[[ Data records open ]]
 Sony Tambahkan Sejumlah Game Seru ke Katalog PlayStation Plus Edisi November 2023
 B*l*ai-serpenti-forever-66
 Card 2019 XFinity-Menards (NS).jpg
[[ Data records closed ]]
[[ Data records open ]]
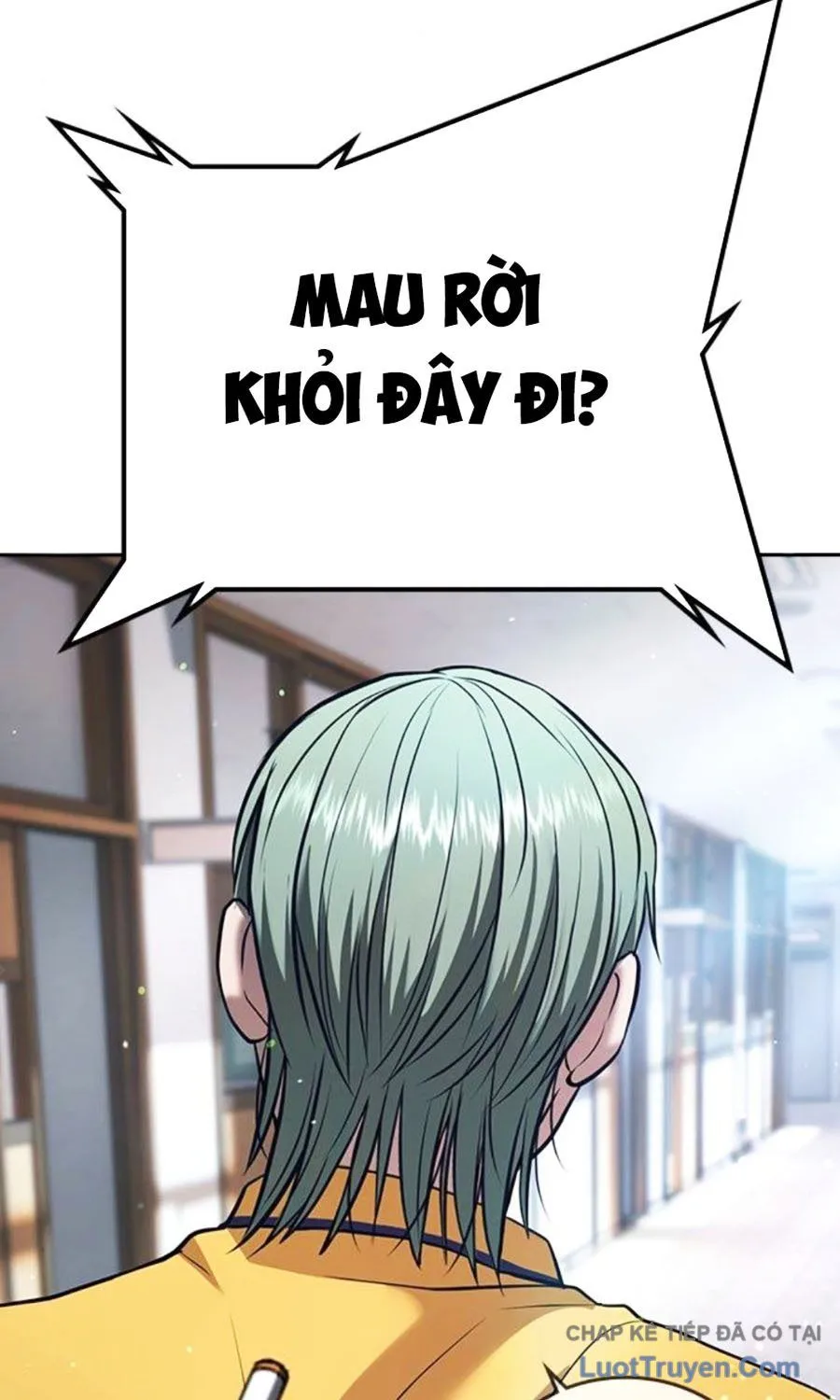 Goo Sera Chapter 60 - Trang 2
[[ Data records closed ]]
*Problem statement*
Retype exactly the lines above, from the one with "Sony Tambahkan Sejumlah" through the one with "Card 2019 XFinity-Menards (NS).jpg", inclusive.

*Answer space*
 Sony Tambahkan Sejumlah Game Seru ke Katalog PlayStation Plus Edisi November 2023
 B*l*ai-serpenti-forever-66
 Card 2019 XFinity-Menards (NS).jpg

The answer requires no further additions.